When I arrived at the fish stand in the Greenmarket on Saturday there was only one remaining fillet of Blackfish (Eastern Long Island- and Rhode Island-speak: ‘Tautog’). It’s one of my favorite fishes, but this piece was a little smaller than I would normally prefer for the two of us.
Still, noticing that I had recently cooked all of the other local seafood selections available, I decided to ask for it anyway. I thought of serving an appetizer using a few local Hudson Valley shrimp from Jean Claude Frajmund’s Eco Shrimp Garden market stall, just steps away, if his stock had not yet been exhausted.
Two fish courses would complicate the dinner preparations, but I had been feeling pretty confident about my modest skills lately.
I got the shrimp.
It all turned out even better than I might have expected.
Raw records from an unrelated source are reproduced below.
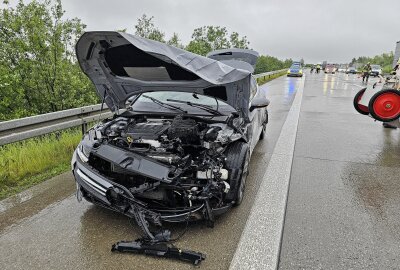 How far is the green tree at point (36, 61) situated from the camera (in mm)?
7605

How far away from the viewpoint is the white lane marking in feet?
8.52

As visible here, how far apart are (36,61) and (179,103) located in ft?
18.6

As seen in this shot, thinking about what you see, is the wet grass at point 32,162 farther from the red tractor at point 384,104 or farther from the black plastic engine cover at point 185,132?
the red tractor at point 384,104

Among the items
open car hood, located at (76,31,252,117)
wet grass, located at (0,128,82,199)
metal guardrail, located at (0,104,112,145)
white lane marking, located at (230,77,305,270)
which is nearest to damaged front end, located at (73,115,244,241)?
white lane marking, located at (230,77,305,270)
The only problem was the lateness of the hour when it was finally served (I still have to work on that).
- one teaspoon of chopped garlic from Lucky Dog Organic Farm Farm heated inside a medium cast iron pan over a very low flame until the garlic had colored nicely, then part of one dried dark no-heat Habanada pepper added and pushed around with the garlic, followed by a pinch of Spanish saffron (DO La Mancha from Antonio Sotos), one small whole dried local chipotle pepper from Northshire Farms in the Union Square Greenmarket (not punctured, and left whole) and less than half of teaspoon of freshly-ground cumin seed added, all stirred for a minute or two, after which 6 large, very fresh local whole farmed shrimp from our local Hudson River Valley (Newburgh) supplier of small crustaceans, Eco Shrimp Garden, were added (I had cut them all along their backs, from head to tail, ahead of time, to ease their shelling once they were served), seasoned with salt and pepper, the heat brought up a bit and the shrimp cooked until firm while turned twice, served on 2 plates with a generous squeeze of local lemon from Fantastic Gardens of Long Island, finished micro fennel from Windfall Farms [both the dried Habanada and the micro fennel are my own additions to Mark Bittman’s simple, delicious recipe]
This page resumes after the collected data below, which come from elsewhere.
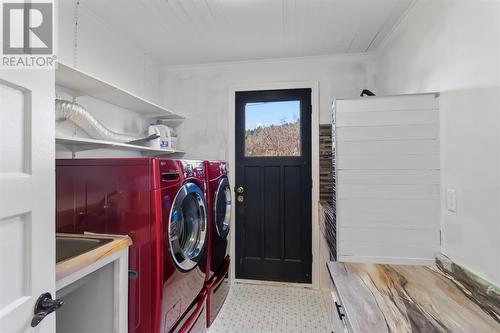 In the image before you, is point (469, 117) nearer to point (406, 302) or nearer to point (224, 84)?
point (406, 302)

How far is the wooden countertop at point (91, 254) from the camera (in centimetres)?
93

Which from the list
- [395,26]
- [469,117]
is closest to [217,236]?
[469,117]

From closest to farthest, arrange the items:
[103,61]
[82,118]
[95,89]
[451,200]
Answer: [451,200]
[82,118]
[95,89]
[103,61]

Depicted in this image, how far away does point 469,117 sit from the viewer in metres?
1.21

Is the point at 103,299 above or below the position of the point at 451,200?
below

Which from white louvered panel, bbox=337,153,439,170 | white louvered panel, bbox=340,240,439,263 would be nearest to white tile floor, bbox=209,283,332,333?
white louvered panel, bbox=340,240,439,263

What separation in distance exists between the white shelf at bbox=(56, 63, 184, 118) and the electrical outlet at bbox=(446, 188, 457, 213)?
7.17ft

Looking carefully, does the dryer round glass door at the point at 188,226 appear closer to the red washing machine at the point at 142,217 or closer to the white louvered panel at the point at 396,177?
the red washing machine at the point at 142,217

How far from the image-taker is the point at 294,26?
7.02 ft

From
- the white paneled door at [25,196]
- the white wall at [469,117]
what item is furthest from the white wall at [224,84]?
the white paneled door at [25,196]

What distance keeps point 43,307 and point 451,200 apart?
1774 millimetres

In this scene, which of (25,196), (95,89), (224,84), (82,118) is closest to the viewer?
(25,196)

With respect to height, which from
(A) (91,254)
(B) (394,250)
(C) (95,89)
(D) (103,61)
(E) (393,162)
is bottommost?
(B) (394,250)

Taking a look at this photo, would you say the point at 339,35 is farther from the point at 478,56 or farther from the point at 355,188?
the point at 355,188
- four Backyard Farms Maine ‘cocktail tomatoes’ from Whole Foods, warmed in a little olive oil along with stems of wild garlic from Lani’s Farm, seasoned with sea salt and freshly-ground Tellicherry pepper, mixed with a generous amount of chopped thyme from Eataly
I was able to prepare all the ingredients for the main course before beginning to cook the first, so there was relatively short intermission between the them.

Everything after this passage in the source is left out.